Word for word, reproduce all entries below, leaving every picture out.

Data supplied –
—————

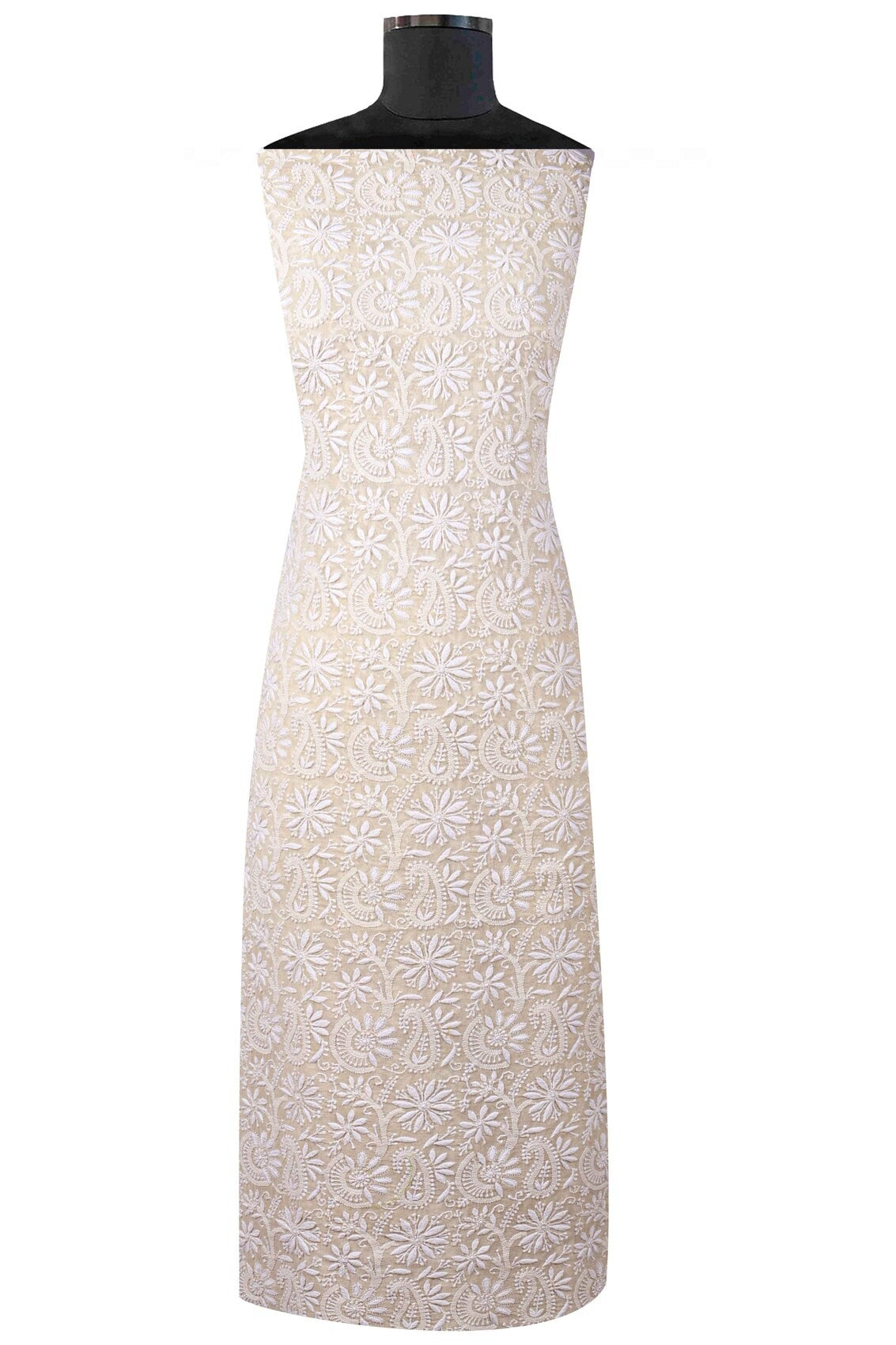 Ada Hand Embroidered Cream Pure Georgette Lucknowi Chikankari Unstitched Kurta Dupatta Set A70992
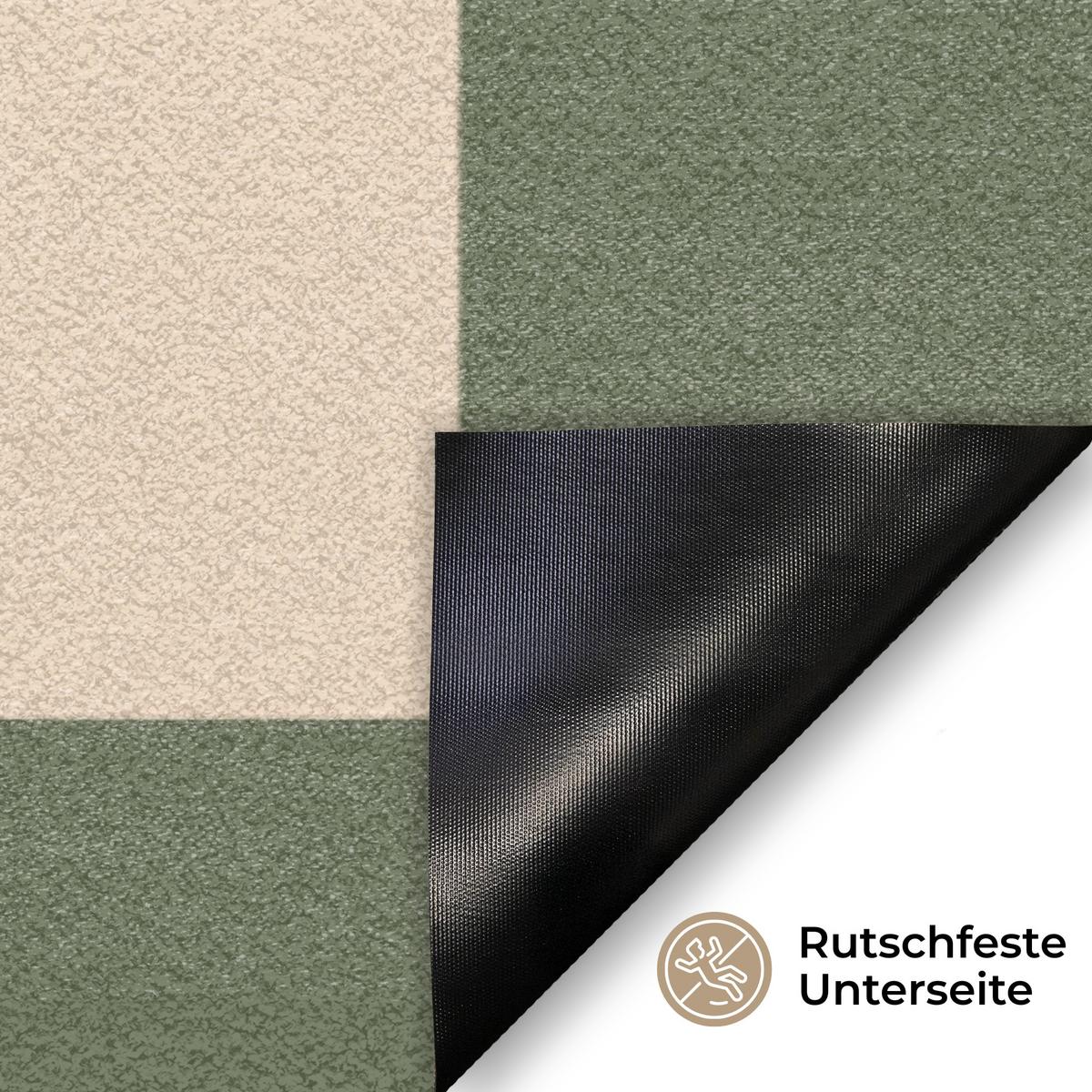 FUSSMATTE Schachbrettmuster - Grün - Beige - Blöcke Flurteppich 90x60 cm - Olivgrün, Kunststoff (90/0.4cm) - MuchoWow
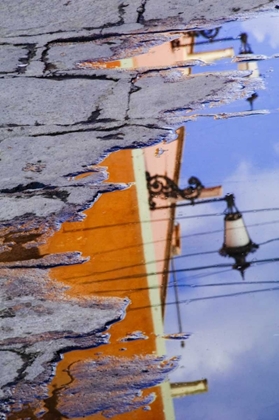 Picture of MEXICO, LANTERN REFLECTION IN PUDDLE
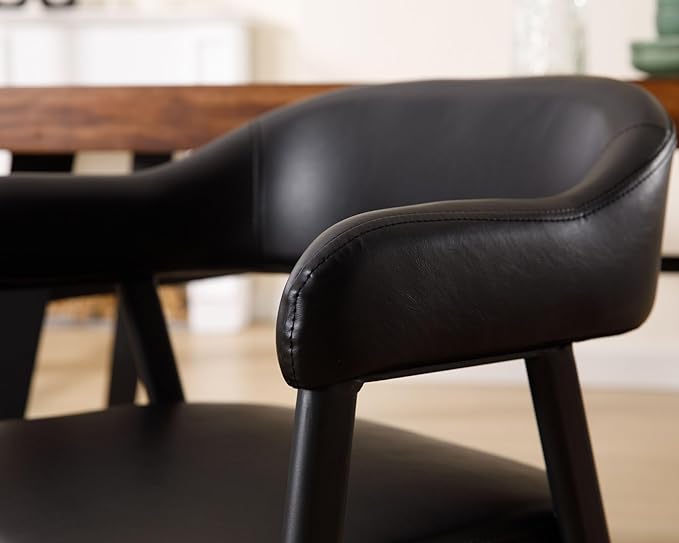 HNY Modern Dining Room Arm Chairs Set of 4, Retro Faux Leather Upholstered Barrel Dining Chairs with Arms Mid-Century Black Accent Chair with Metal Legs, Open-Back Kitchen Side Chair for Living Room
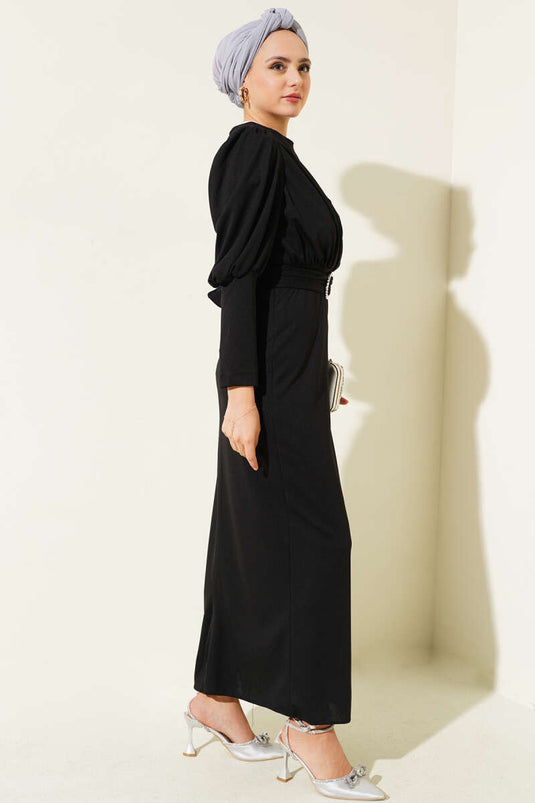 Robe Col Croisé Fermé Noir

—————

Answer to this exercise –
 Ada Hand Embroidered Cream Pure Georgette Lucknowi Chikankari Unstitched Kurta Dupatta Set A70992
 FUSSMATTE Schachbrettmuster - Grün - Beige - Blöcke Flurteppich 90x60 cm - Olivgrün, Kunststoff (90/0.4cm) - MuchoWow
 Picture of MEXICO, LANTERN REFLECTION IN PUDDLE
 HNY Modern Dining Room Arm Chairs Set of 4, Retro Faux Leather Upholstered Barrel Dining Chairs with Arms Mid-Century Black Accent Chair with Metal Legs, Open-Back Kitchen Side Chair for Living Room
 Robe Col Croisé Fermé Noir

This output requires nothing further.